It seems that the Australian government is going to throw out its plans to bring in a backpacker tax for tourists who travel to the country.

The tourism industry hit out against the suggestion and plans for the tax, saying that it would be detrimental to Australia's flourishing economy in this area, reports the BBC.

People who were going to be liable to pay tax were tourists who were working in the country on holiday visas and were going to be excluded from the country's tax-free threshold from 1st July this year.

With this in place, tourists would be charged 32.5 per cent tax on every dollar that they earned in Australia.

Understandably, the tourism and farming sectors were directly opposed to this tax, as they rely on temporary workers for their staff and have been lobbying against the changes.

They have been worried that by the government bringing in this tax, tourists would choose instead to go to work and travel in New Zealand and Canada.

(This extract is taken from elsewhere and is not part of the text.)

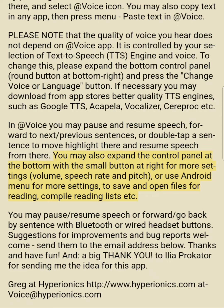You may also expand the control panel at the bottom with the small button at right for more settings: volume, speech rate and pitch. Or use the Android menu for more settings to save and open files for reading, compile reading lists, etc.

Fears that this would affect the amount of tourists coming to Australia were already being realised, as applications for working holiday visas in the country had already begun to shrink with the press publicising the potential plans.

The amount had dropped by five per cent, which is substantial considering that during the 2014 to 2015 season, Australia granted 214,830 working holiday visas to travellers.

However, the tax is, so far, being deferred for the next six months while the government decides if the plans would work long-term.

Kelly O'Dwyer, assistant treasurer, said: "I can tell you with great certainty that this is very good news for rural and regional communities; it's good news for our tourism sector; and it's good news for working holiday makers."